Subsequently, in step S61, the berthing parameter calculation unit 16 performs the same process as in step S18. Thereafter, the berthing parameter calculation unit 16 sets the next first reference point R1 by performing the same processing as that shown in the FIG. 10B (step S62). Further, the berthing parameter calculation unit 16 sets the next second reference point R2 by performing the same processing as the processing shown in FIG. 10B using the distance df instead of the distance dq (step S63).

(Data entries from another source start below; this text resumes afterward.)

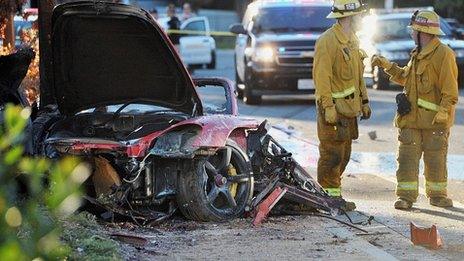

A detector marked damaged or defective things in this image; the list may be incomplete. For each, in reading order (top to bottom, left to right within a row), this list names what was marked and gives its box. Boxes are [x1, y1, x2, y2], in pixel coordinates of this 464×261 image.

burned car hood [0, 48, 35, 106]
burned car hood [44, 1, 201, 114]
crumpled car body [29, 1, 260, 221]
wrecked red sports car [29, 2, 260, 221]
charred car interior [0, 1, 348, 225]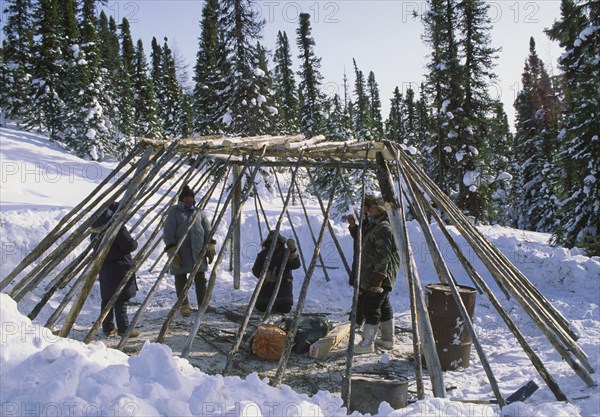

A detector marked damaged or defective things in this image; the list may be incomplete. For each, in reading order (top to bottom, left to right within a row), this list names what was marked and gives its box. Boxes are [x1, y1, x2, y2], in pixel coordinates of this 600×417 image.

rusty oil drum [426, 282, 478, 370]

Thereafter, the berthing parameter calculation unit 16 performs the same processes as steps S20 and S21 in steps S64 and S65.


According to the processing described above, the reference point setting means sets, as the reference point when the reliability of the nearest neighbor point is higher than the predetermined value, the first reference point used for extraction of the data representing the nearest neighbor points, and the second reference point used for extraction of the data representing the measured points of the fender provided at the berthing place. Further, according to the processing described above, the reference point setting means sets the first reference point to have a large elevation angle when viewed from the quay, and sets the second reference point to have a small elevation angle when viewed from the quay.


As described above, according to the present embodiment, even when the fenders exist at the berthing place, the distance from the ship to the fender can be calculated with high accuracy as the quay distance. That is, according to the present embodiment, it is possible to calculate the parameters used in berthing support with high accuracy.


Modification

Hereinafter, a description will be given of preferred modifications to the second embodiment described above.


(Modification 1)

When it is detected that an inconvenient situation in acquiring the berthing place edge point cloud is taking place, for example, fenders larger than a predetermined size are closely provided at the berthing place, the berthing parameter calculation unit 16 may generate a marker straight line Lm, which is a straight line passing through the front marker and the rear marker, instead of the berthing side straight line. In such a case, the berthing parameter calculation unit 16 may calculate the distance df using the marker straight line Lm. The marker straight line Lm may be generated as a straight line as shown in FIG. 18, for example. FIG. 18 is a top view illustrating the marker straight line Lm.


(Modification 2)

If the lidar 3 has a field of view range of less than 180° in the side direction of the target ship, for example, as shown in FIG. 19A, when a plurality of fenders of differing sizes is provided in the region out of the field of view range of the side direction, they cannot be detected. In addition, even if the lidar 3 had a field of view range of 180° or more in the side direction of the target ship, there are cases where it is impossible to detect the measured point for which distance from the target ship to the fender ship becomes the shortest because the surface of the fender is formed using black rubber, for example. In this modification, a description will be given of a method for making it possible to calculate the shortest distance from the ship to the fender, in consideration of the occurrence of the above-described situation.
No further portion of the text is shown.